Thus, in this example, by projecting the relative coordinate into the virtual three-dimensional space, a 2D camera can be used to achieve a control effect of performing interactions based on a 3D coordinate obtained through a depth camera or a 3D motion sensing device. Since the hardware cost of the 2D camera is generally lower than that of the 3D motion sensing device or a 3D camera, the use of the 2D camera realizes the interactions based on the 3D coordinate while reducing the cost of the interactions significantly. Therefore, in some examples, the method further includes interacting with a controlled device based on the 3D coordinate. The interaction may include an interaction between a user and the controlled device. The 3D coordinate may be regarded as a user input for controlling the controlled device to perform specific operation, to realize the interaction between the user and the controlled device.

Therefore, in some examples, the method further includes: controlling the coordinate conversion of the target object on the controlled device based on amount of change or a change rate of the relative coordinate on three coordinate axes in the virtual three-dimensional space between two time points.

In some examples, the step S120 may include: obtaining the first 2D coordinate of the first key point in a first 2D coordinate system corresponding to the 2D image, and obtaining the second 2D coordinate of the second key point in the first 2D coordinate system. That is, both of the first 2D coordinate and the second 2D coordinate are determined based on the first 2D coordinate system.

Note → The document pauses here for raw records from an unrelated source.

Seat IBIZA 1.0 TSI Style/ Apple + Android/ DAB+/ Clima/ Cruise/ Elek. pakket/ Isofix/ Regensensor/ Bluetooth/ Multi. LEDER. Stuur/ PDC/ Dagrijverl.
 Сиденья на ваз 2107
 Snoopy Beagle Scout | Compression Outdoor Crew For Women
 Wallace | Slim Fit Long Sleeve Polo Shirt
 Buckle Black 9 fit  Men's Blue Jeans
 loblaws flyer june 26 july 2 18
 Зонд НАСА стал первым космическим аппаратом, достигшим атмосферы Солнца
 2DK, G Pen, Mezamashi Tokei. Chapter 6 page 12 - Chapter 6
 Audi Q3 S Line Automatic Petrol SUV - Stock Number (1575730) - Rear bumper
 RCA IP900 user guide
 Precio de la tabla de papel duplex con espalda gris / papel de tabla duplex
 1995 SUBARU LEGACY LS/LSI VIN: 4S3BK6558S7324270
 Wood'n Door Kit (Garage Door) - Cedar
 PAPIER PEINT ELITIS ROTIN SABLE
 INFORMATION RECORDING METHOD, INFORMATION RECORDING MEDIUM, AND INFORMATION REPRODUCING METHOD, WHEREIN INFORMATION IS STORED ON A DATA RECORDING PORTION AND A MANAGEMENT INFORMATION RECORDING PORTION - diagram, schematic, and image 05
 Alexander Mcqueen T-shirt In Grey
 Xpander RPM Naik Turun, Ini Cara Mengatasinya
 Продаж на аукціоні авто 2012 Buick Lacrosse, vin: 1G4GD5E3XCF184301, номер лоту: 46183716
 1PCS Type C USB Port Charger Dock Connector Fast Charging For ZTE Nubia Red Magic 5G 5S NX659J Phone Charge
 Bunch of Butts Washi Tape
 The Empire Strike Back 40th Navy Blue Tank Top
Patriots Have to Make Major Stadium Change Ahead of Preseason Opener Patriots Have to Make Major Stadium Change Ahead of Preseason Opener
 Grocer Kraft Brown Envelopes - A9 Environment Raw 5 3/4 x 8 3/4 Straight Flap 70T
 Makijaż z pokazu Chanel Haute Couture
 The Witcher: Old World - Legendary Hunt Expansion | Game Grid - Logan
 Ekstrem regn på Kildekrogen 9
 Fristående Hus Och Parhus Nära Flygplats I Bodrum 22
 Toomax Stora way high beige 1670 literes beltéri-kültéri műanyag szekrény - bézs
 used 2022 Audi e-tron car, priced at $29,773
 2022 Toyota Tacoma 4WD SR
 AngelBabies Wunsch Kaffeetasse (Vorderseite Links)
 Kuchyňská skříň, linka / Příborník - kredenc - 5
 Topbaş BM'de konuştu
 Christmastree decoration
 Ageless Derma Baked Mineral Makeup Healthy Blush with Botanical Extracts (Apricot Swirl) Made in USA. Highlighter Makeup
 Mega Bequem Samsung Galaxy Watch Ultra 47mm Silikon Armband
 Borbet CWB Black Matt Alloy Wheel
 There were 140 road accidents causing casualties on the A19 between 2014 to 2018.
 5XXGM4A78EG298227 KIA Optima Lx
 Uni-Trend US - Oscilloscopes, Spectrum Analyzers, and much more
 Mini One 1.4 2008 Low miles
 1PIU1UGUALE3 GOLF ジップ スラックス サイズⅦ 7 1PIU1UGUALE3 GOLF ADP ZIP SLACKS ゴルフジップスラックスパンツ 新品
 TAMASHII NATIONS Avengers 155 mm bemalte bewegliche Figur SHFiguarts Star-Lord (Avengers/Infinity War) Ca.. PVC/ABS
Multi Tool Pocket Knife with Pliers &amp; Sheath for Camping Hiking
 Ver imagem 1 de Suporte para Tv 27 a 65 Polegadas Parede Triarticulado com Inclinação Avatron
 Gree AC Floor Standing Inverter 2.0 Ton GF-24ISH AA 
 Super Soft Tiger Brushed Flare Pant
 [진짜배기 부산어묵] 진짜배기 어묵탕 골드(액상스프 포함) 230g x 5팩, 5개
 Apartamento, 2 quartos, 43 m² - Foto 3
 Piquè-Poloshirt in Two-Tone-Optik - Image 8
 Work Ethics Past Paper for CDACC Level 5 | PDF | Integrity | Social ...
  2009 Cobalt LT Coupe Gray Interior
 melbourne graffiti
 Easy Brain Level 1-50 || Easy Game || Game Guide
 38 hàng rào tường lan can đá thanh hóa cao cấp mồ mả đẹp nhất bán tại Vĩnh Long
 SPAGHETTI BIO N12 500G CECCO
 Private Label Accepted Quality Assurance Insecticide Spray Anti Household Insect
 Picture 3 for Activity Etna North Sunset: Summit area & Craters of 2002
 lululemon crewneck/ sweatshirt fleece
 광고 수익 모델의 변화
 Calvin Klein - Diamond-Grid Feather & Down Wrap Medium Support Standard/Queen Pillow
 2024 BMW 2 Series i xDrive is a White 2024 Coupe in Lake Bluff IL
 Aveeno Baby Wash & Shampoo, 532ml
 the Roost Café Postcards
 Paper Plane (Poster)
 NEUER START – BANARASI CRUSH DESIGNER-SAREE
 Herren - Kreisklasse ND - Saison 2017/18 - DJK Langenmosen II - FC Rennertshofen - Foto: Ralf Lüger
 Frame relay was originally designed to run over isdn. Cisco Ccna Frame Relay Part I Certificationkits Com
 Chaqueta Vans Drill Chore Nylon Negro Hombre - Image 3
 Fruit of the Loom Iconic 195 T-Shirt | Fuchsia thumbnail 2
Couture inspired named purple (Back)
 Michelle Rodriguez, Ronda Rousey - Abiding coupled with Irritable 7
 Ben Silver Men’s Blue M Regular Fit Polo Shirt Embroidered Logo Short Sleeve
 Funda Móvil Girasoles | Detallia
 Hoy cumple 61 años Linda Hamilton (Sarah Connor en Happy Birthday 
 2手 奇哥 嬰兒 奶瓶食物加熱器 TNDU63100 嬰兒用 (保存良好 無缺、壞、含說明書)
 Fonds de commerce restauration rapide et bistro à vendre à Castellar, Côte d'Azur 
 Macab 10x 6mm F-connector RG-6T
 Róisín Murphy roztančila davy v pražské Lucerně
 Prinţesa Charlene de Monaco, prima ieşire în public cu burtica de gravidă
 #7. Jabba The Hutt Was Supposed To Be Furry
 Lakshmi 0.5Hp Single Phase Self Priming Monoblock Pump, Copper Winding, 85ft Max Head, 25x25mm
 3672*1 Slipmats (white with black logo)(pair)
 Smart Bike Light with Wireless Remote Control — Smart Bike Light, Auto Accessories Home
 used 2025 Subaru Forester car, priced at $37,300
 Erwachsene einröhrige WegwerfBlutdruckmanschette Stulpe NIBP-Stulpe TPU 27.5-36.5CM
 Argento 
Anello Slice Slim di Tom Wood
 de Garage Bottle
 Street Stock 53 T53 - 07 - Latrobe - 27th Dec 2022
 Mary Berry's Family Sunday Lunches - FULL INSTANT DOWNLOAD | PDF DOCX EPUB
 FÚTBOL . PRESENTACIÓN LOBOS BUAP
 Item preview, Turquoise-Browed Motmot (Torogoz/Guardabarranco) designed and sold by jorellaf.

In some examples, the step S130 may include: constructing a second 2D coordinate system according to the second 2D coordinate, and mapping the first 2D coordinate to the second 2D coordinate system to obtain third 2D coordinate.

Specifically, as shown in FIG. 3, the step S130 may include the following steps.

At step S131, a second 2D coordinate system is constructed according to the second 2D coordinate.

At step S132, a conversion parameter of mapping from the first 2D coordinate system to the second 2D coordinate system is determined according to the first 2D coordinate system and the second 2D coordinate system, wherein the conversion parameter is used to determine the relative coordinate.

In some examples, the step S130 may further include the following steps.

At step S133, the first 2D coordinate is mapped to the second 2D coordinate system based on the conversion parameter to obtain the third 2D coordinate.

In this example, there are at least two second key points of the second part. For example, the second key points may include outer contour imaging points of the second part. A second 2D coordinate system may be constructed according to coordinates of the second key points. An origin of the second 2D coordinate system may be a center point of an outer contour formed by connecting a plurality of the second key points.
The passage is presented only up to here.